E, sì. Proprio lui. Gustave Eiffel, il genio della torre a Parigi è anche l’architetto del ponte Maria Pia, mentre il suo allievo Théophile Seyrig è la testa dietro al ponte Luigi I. Mentre il ponte Maria Pia è usato per il tram, il ponte Luigi I è attraversabile anche a piedi su due livelli, e vi accoglie nell’istante in cui dal centro calate giù, verso la Ribeira. A quanto pare, mentre a Parigi ci si ama all’ombra della Tour Eiffel nei Champs de Mars, qui a Porto ci si siede alla Ribeira, si ascolta il fiume e il fado all’ombra del ponte Louis I. 

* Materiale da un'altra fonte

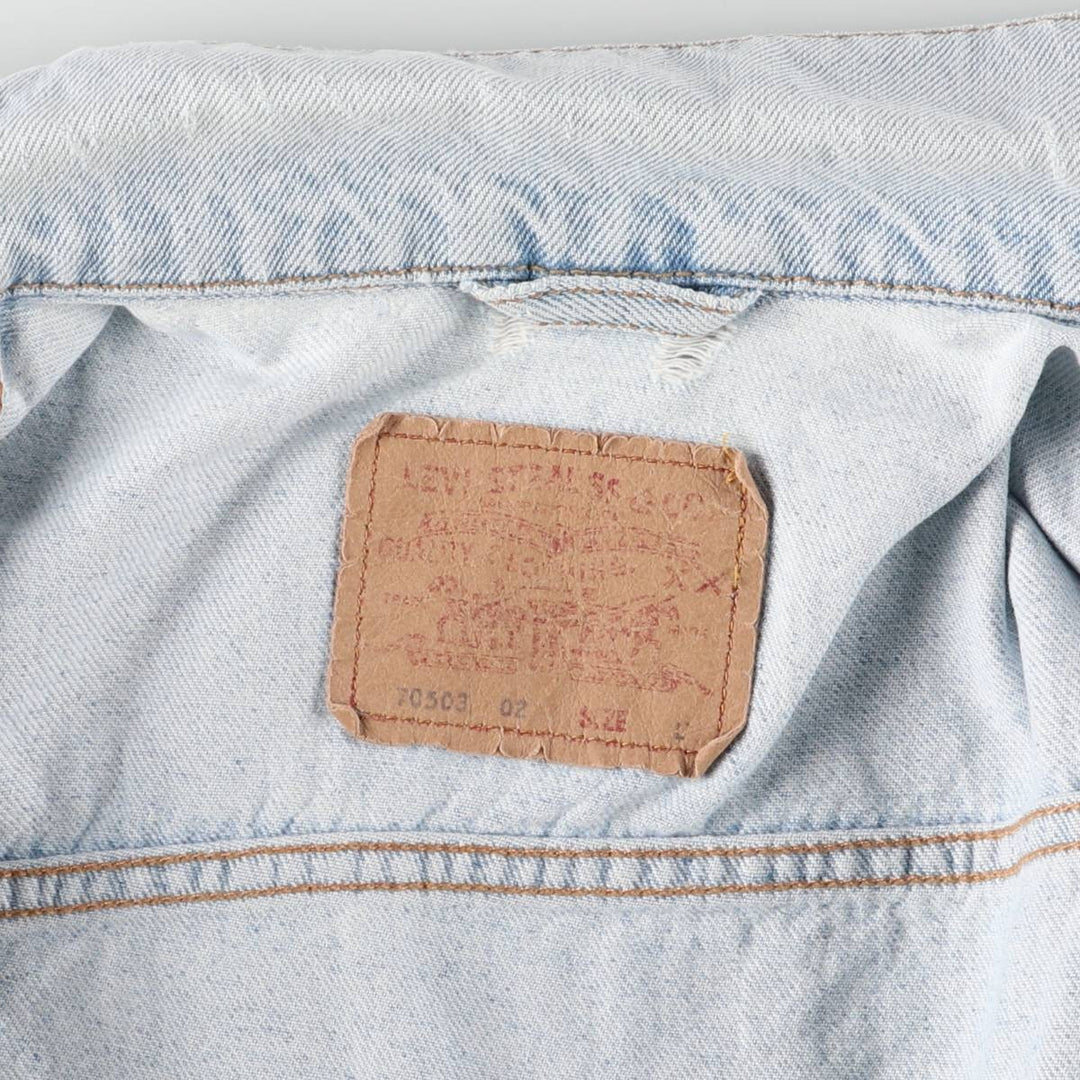 90'S Levi's 70503-0213 Denim Jacket, Men's Size L, Vintage cotton blue type Vintage Second Hand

 Sono decisamente una creatura da Porto.
Non poteva mancarmi la passeggiata alla Ribeira. Si cammina in appena una ventina di minuti, e decisamente, in una serata meno fredda, merita una cena sul fiume, a guardarsi i colori del quartiere illuminato dai lampioni. Come Lisbona, Porto offre tanti Miradouro, terrazze disegnate appositamente, a mio avviso, per godersi i panorami. Ecco la vista dal Miradouro da Rua das Aldas. E, no, non so fare le foto, ma amo tanto i panorami notturni. Migliorerò? Dubito, ma staremo a vedere.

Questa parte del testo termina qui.